Start of DATASET
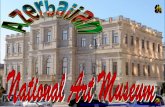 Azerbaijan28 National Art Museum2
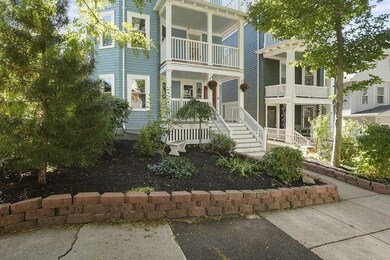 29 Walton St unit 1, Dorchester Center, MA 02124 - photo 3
End of DATASET
Start of DATASET
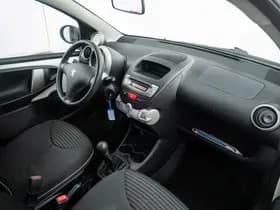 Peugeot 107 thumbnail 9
End of DATASET
▶ [TASK TO COMPLETE]
Reproduce word for word, with pictures dropped, only the part of the material above that opens with the line containing "Azerbaijan28 National Art Museum2" and closes with the line containing "29 Walton St".

▶ [ANSWER SPACE]
 Azerbaijan28 National Art Museum2
 29 Walton St unit 1, Dorchester Center, MA 02124 - photo 3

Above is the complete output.